Measurement properties and previous use: The GMFCS has been used in hundreds of studies (if not more), and has been extensively evaluated–particularly by the CanChild group.
Previous studies have established the reliability in assessing GFMCS levels (kappa=0.75 for children 2-12 years old; Palisano 1997) The GMFCS is also informative for prognosis of gross motor progress and outcomes and longitudinal gross motor function curves and percentiles have been shown to correspond to GMFCS levels. (Rosenbaum et al 2002) Also of particular importance is the demonstration of content validity (Palisano et al 2008). Other groups have also demonstrated the reliability of assessing GMFCS levels through chart review (Benedict et al 2011)
Languages: Developed in English, but has been translated into many languages including Arabic, Czech, Chinese (Simplified), Chinese (Traditional), Danish, Dutch, French, German, Hebrew, Icelandic,Italian, Japanese, Korean, Norwegian, Persian, Portuguese (Brazil), Portuguese (Portugal), Romanian, Russian, Spanish,Swedish, Thai, and Turkish
They also provide guidelines for translation into new languages.

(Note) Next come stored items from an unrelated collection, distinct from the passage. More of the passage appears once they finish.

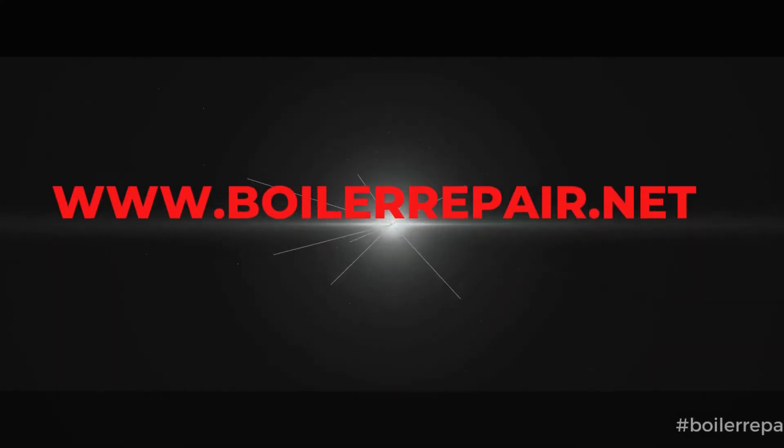A&R engineers are here for you. Just simply visit our website at www.borderrepair.net.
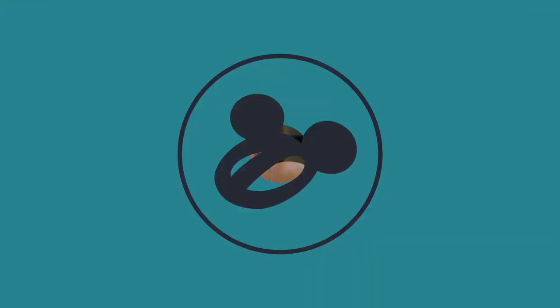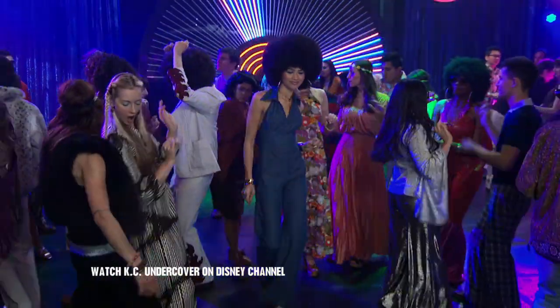Hey, what's up? I'm Zendaya, and I love fashion and style in KC Undercover. And I'm going to show you how to create this awesome nail art design inspired by the show right now.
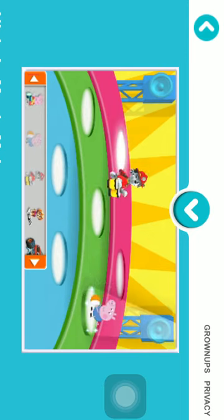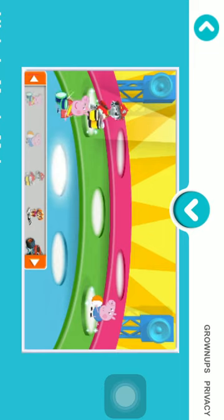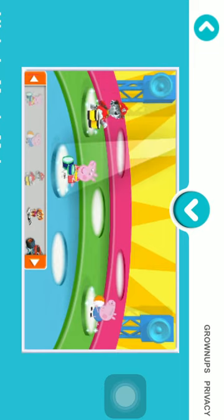Mix and match all of your Nick Jr. friends for a different concert every time. Ready? Let's jam!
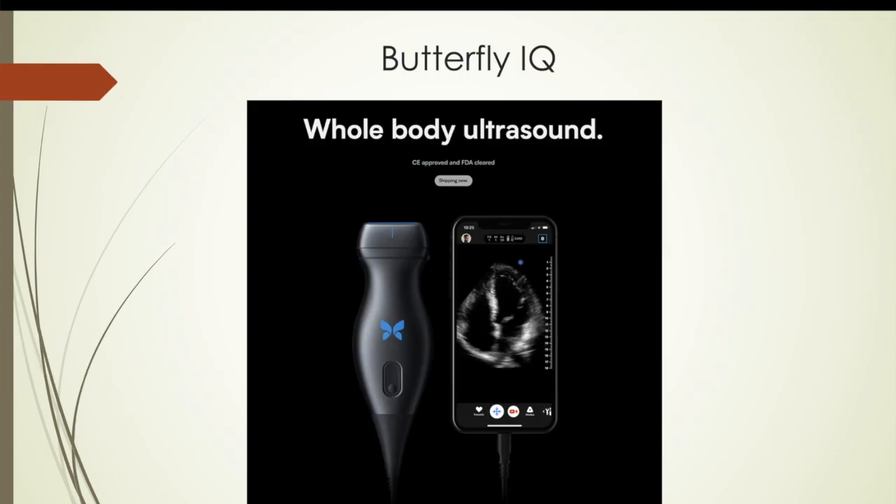For those of you that haven't heard about the Butterfly IQ, it's a handheld portable ultrasound with a single probe — you can see the single probe here. And instead of the old-fashioned crystals that all the other ultrasounds use, it uses microchips.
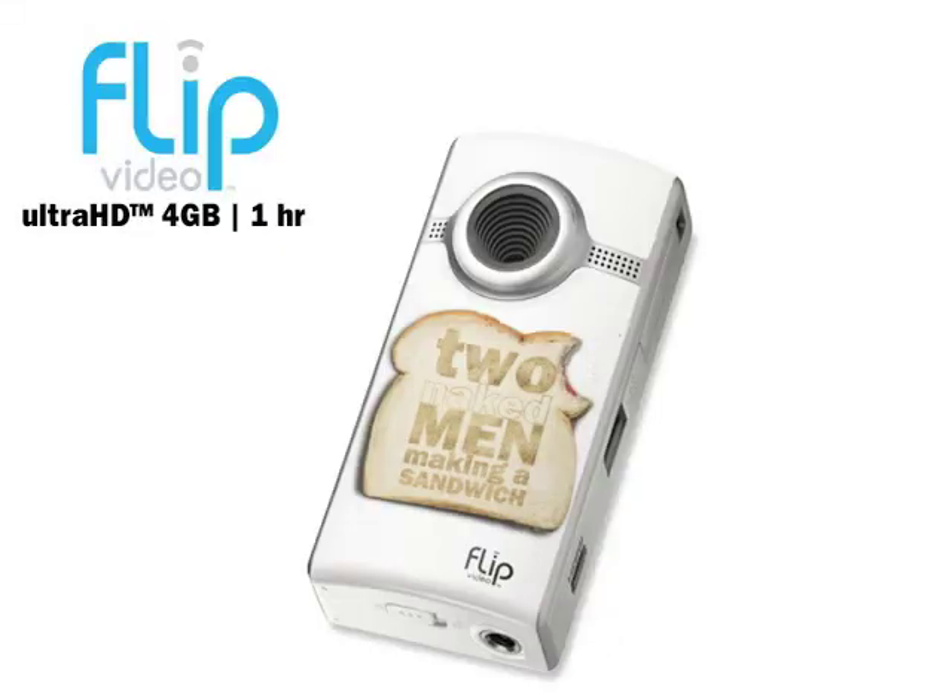Be a part of our free Flip Camera Giveaway. All you have to do is subscribe to our channel and like our videos, comment on them, and share us on Facebook and Twitter. After we reach 1,000 subscribers, one lucky winner will win this custom Flip Video Camera. Good luck! Enjoy the show!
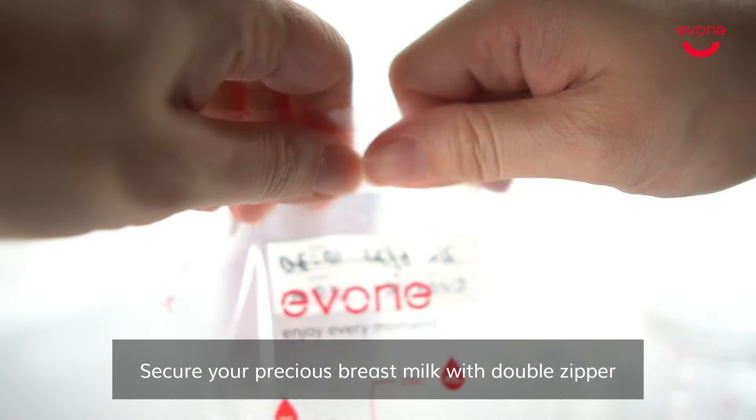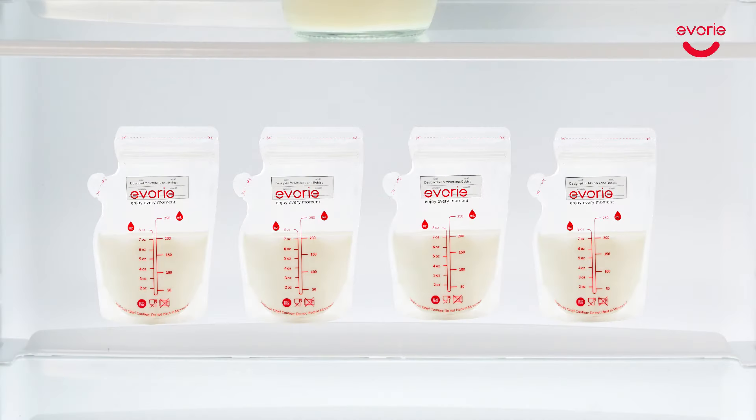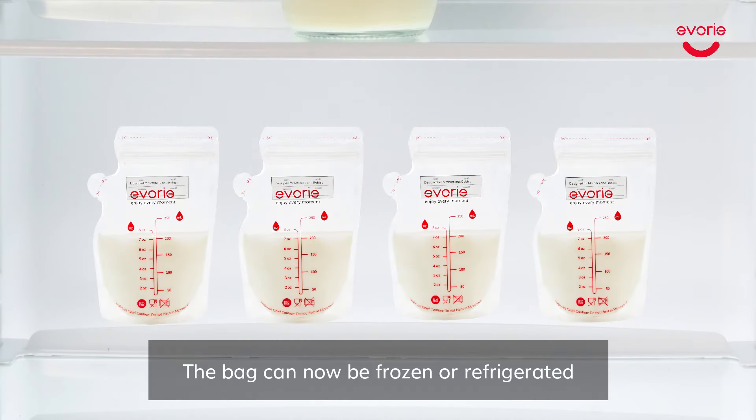Secure your precious breast milk with the double zipper. Slowly compress the air out of the bag. The bag can now be frozen or refrigerated.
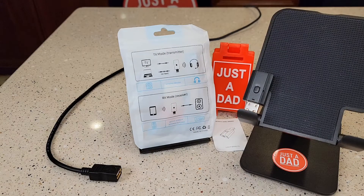Hello everyone, this is Just A Dad. Today I'm going to do a review and show you how to hook up this USB Bluetooth transmitter or receiver.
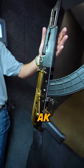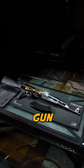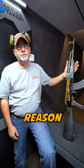This is an AK, shoots like an AK. This is the wife's gun, not particularly my gun — she likes the gold, and that's the reason she bought it.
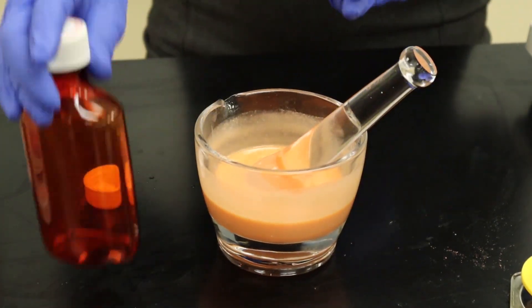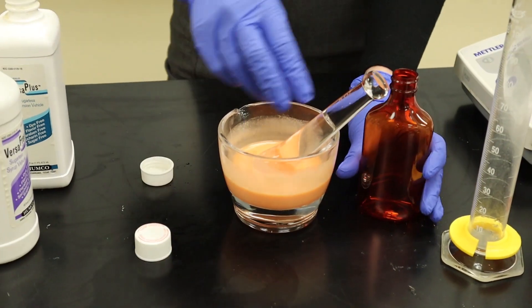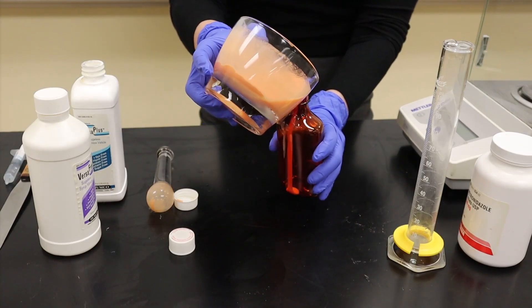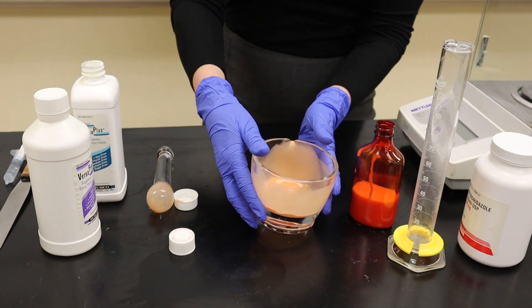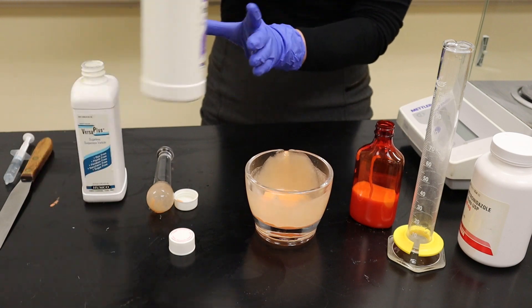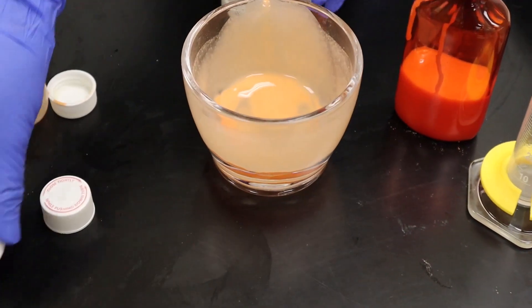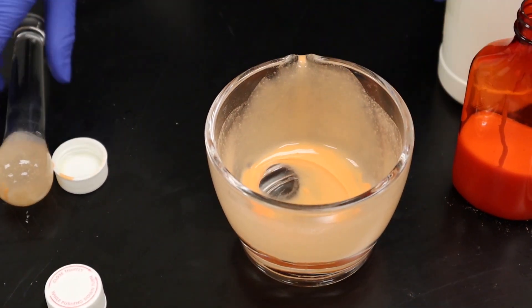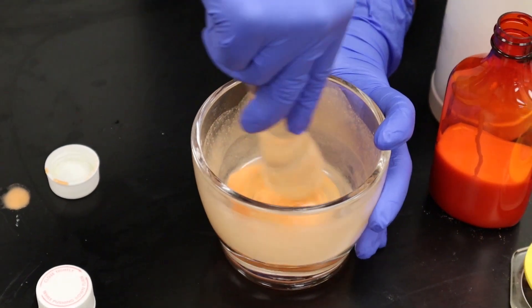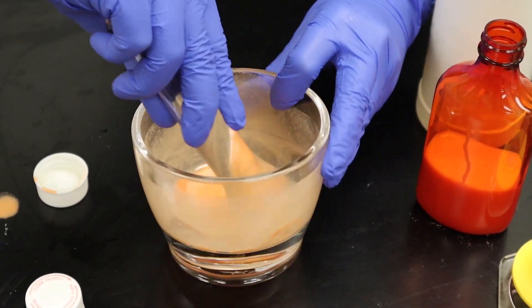Now that I have my powder suspended I'm going to transfer it into my calibrated amber bottle. I'm going to use my VersaFree to wash out my mortar and make sure that I get all of the powder incorporated into my suspension, and then I'm going to use it to QS up to my 150 ml in my amber bottle.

Authors and Citation: Palisano, R., Rosenbaum, P., Bartlett, D., Livingston, M. (2008). Content validity of the expanded and revised Gross Motor Function Classification System. Developmental Medicine & Child Neurology, 50 (10), 744-50.
Rosenbaum, P., Walter, S., Hanna, S., Palisano, R., Russell, D., Raina, P., Wood, E., Bartlett, D., & Galuppi, B. (2002).Prognosis for gross motor function in cerebral palsy: Creation of motor development curves. Journal of the American Medical Association, 288 (11), 1357-1363.
Palisano, R., Rosenbaum, P., Walter, S., Russell, D., Wood, E., & Galuppi, B. (1997). Development and reliability of a system to classify gross motor function in children with cerebral palsy. Developmental Medicine & Child Neurology, 39, 214-223.
Licence: via GMFCS website: The GMFCS - E&R brochure can be downloaded at no cost for personal, non-commercial use. Distribution of the GMFCS - E&R has been made possible through a grant from the United Cerebral Palsy Research and Education Foundation in the United States.